There is a popular Scottish poem by an unknown author dedicated to "The Wally Dug". It reads:

I aye mind o' that wee hoose that stood on the brae,
Its lum was aye reekin', its roof made o' stray.
The outside was bonny, the inside was snug,
But whit I mind best o' was the wee wally dug.
It stood in a corner, high up on the shelf,
And keepit an ee on the best o' the delf.
It was washed twice a year, frae its tail tae its lug,
And pit back on the shelf, was the wee wally dug.
When oor John got mairrit tae sweet Jeannie Blue,
The auld folks they gied him a horse an' a coo,
But when I left the hoose, ma hert gied a tug,
For a' mither gied me was the wee wally dug.
There's an auld saying, 'Ne'er look a gift horse in the moo',
But I looked that wee dug frae its tail tae its broo'
An' a fun' a wee slit at the back o' its lug,
It was stuffed fu' o' notes, was the wee wally dug.
I tain it hame tae oor Lizzle tae pit on a shelf,
An' I telt her the worth o' that wee bit o' delf.
An' we aye feed it yet through that hole in its lug,
It's a guid bit o' stuff, is the wee wally dug.

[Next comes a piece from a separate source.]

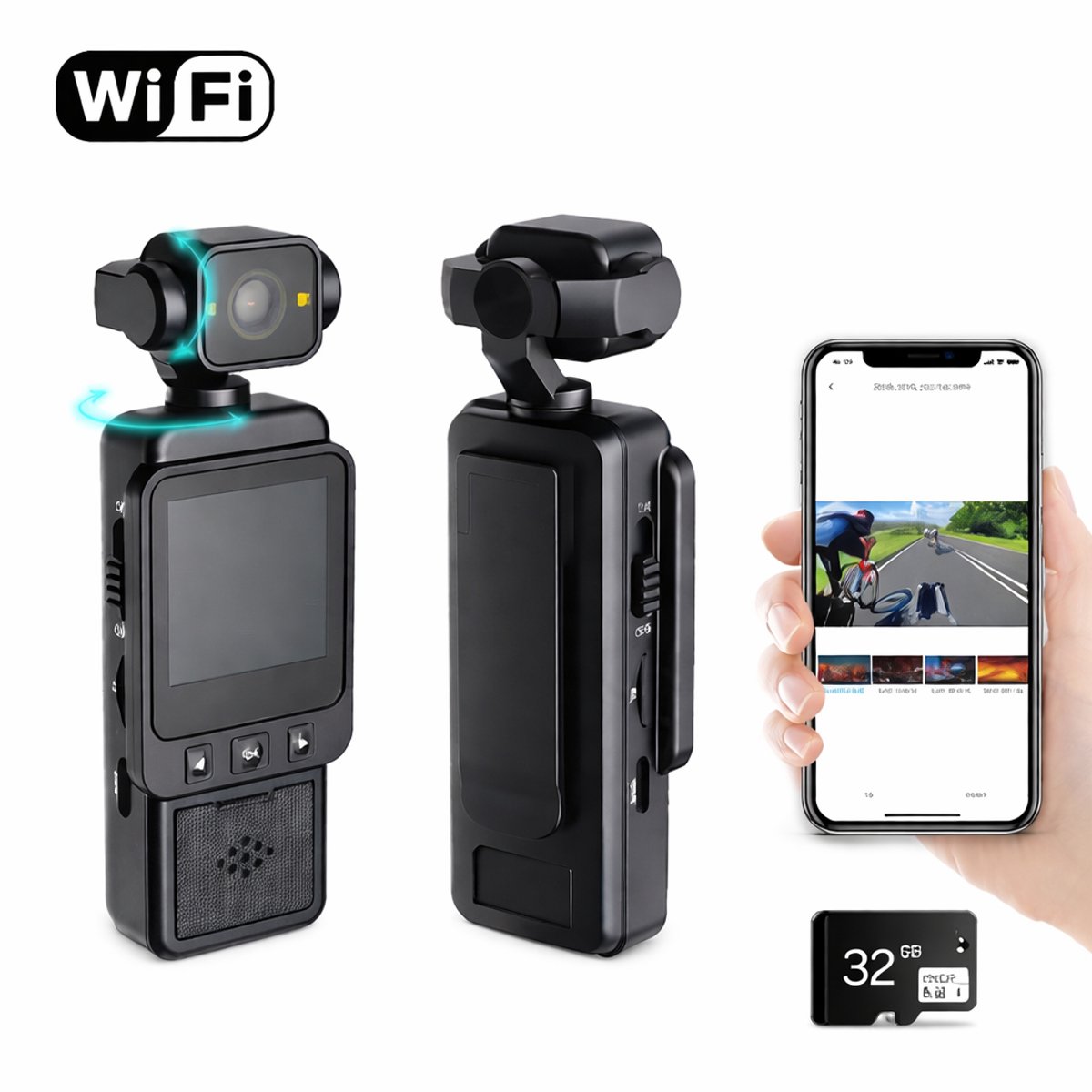 Jumalu Action Camera 360° – Full HD 1080p Bodycam & Sportcamera met WiFi – Inclusief 32GB Geheugenkaart – Draagbare Pocket Camera voor Sport, Vloggen & Outdoor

The figures are also referred to as “comforters”; this is reputed to be because they could be bought outside of premises selling alcohol by husbands hoping to gain “comfort rather than conflict” from their wives.

Staffordshire dogs were described by writer Teleri Lloyd-Jones as "ornamental clichés" and depictions of the dogs have been incorporated in designs on bags and cushions.

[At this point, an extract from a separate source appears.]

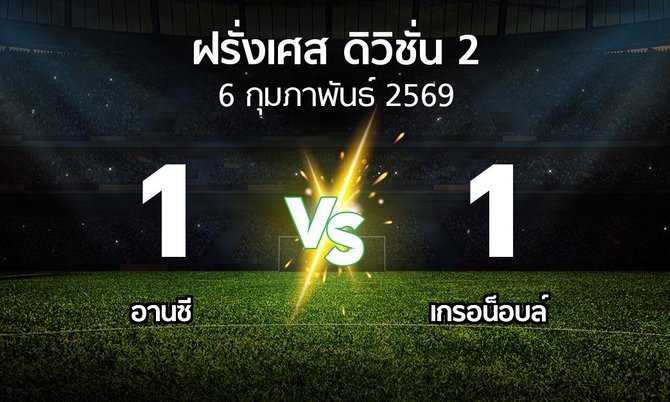 ผลบอล : อานซี vs เกรอน็อบล์ (ฝรั่งเศส-ดิวิชั่น-2 2025-2026)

Enid Marx’s still life painting "Still life with Staffordshire Dog and tulips" was motivated by her white Staffordshire Wally Dug. Various examples of Staffordshire dog figurines were included in the Marx-Lambert collection, which was put on display at Compton Verney House in 2004.

==Victorian fairy tale==
There are various tales said to portray the usefulness of placing the Staffordshire spaniel figurines on window sills. One story is that a woman could place the ornaments in her front window; if the spaniels were turned back to back, it meant her husband was at home. If he was away or at sea, the dogs would be placed facing each other. When her lover passed the house, he would then know by the way the dogs were facing, whether it was safe for him to visit her without her husband knowing. This story is also re-capped in the Baltic.